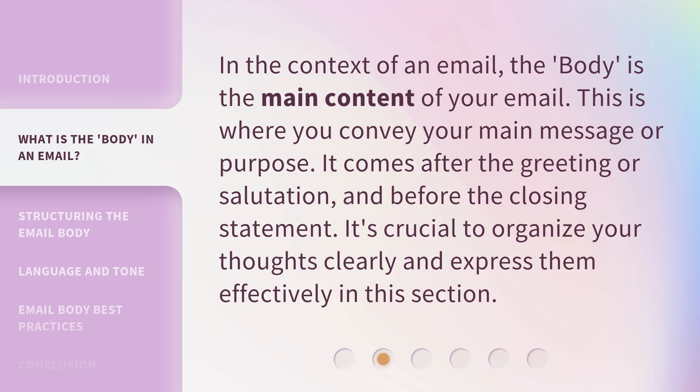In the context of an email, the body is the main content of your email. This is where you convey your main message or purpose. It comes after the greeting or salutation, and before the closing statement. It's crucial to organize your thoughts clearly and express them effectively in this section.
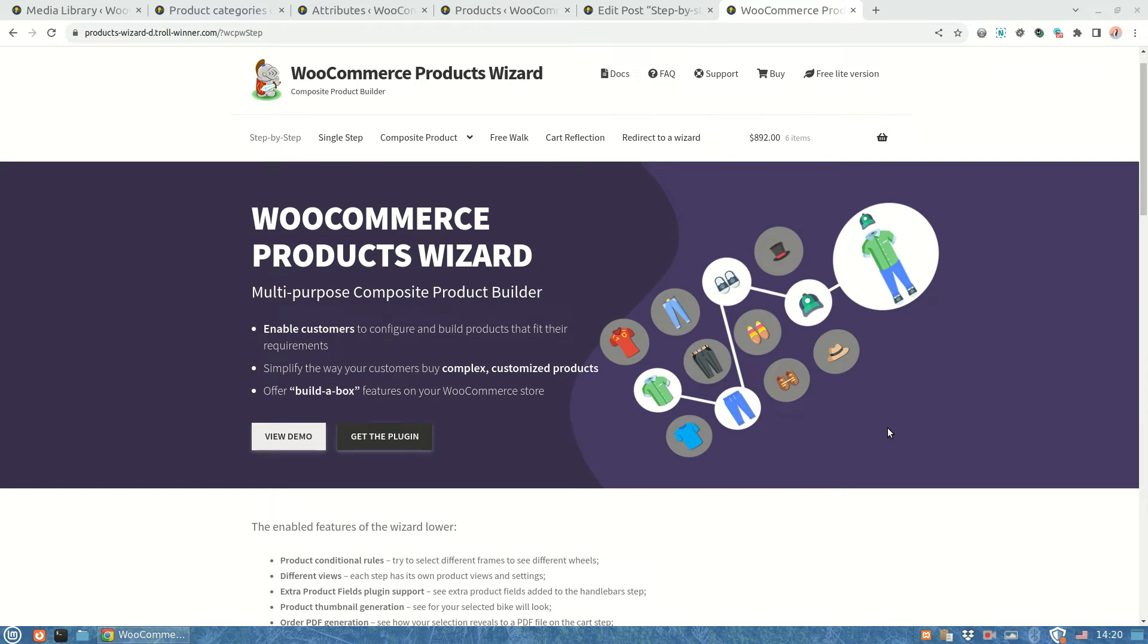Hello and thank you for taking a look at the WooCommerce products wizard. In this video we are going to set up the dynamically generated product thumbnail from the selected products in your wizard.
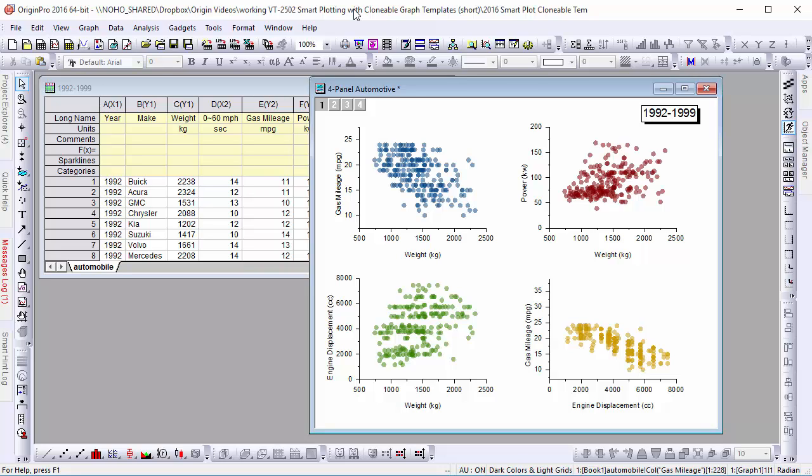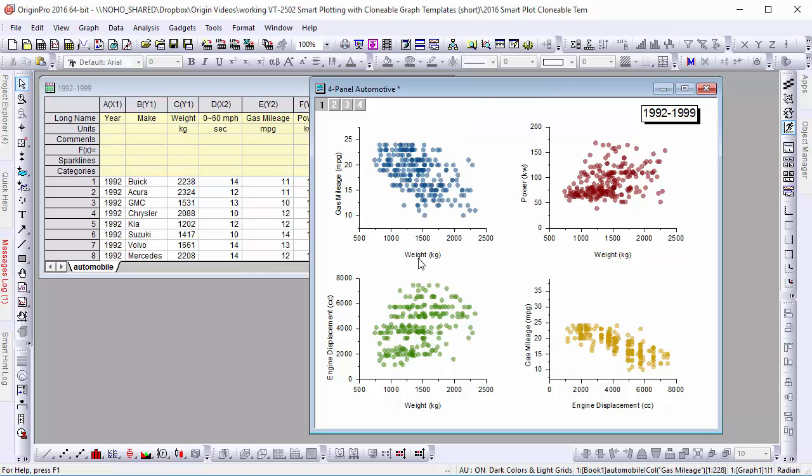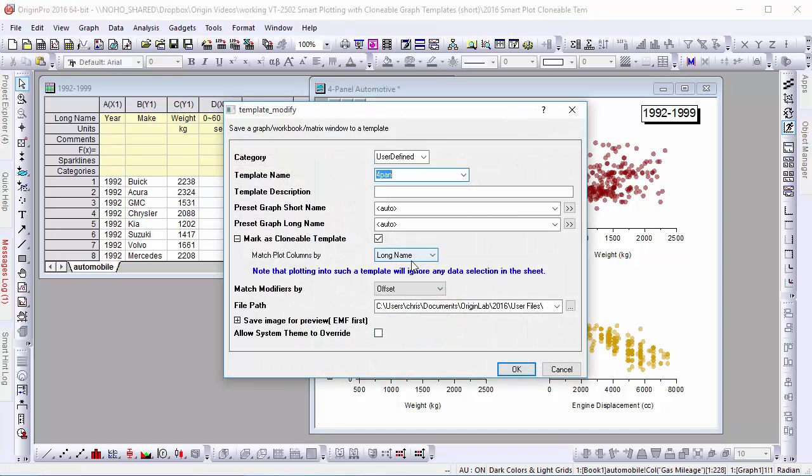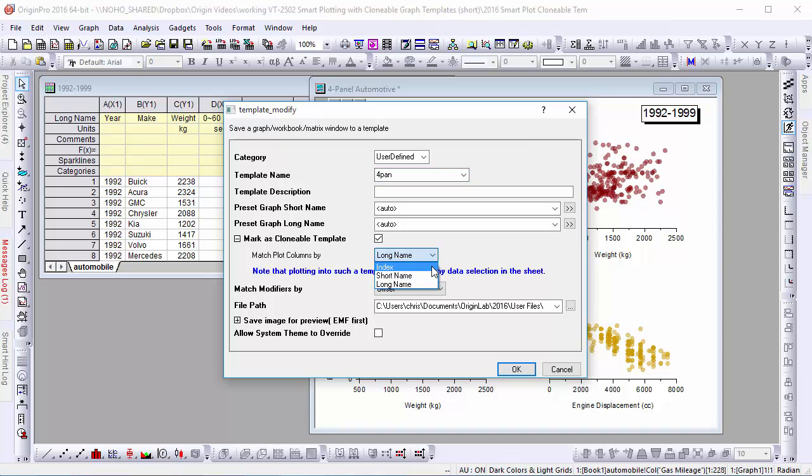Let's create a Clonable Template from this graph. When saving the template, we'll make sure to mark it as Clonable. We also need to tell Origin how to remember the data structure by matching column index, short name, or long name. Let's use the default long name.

Directions. Begin with the line that contains "Hello and thank" and repeat every line through the end of the data, exactly and only those lines, leaving out the pictures.

Solved problem.
Hello and thank you for taking a look at the WooCommerce products wizard. In this video we are going to set up the dynamically generated product thumbnail from the selected products in your wizard.
Let's create a Clonable Template from this graph. When saving the template, we'll make sure to mark it as Clonable. We also need to tell Origin how to remember the data structure by matching column index, short name, or long name. Let's use the default long name.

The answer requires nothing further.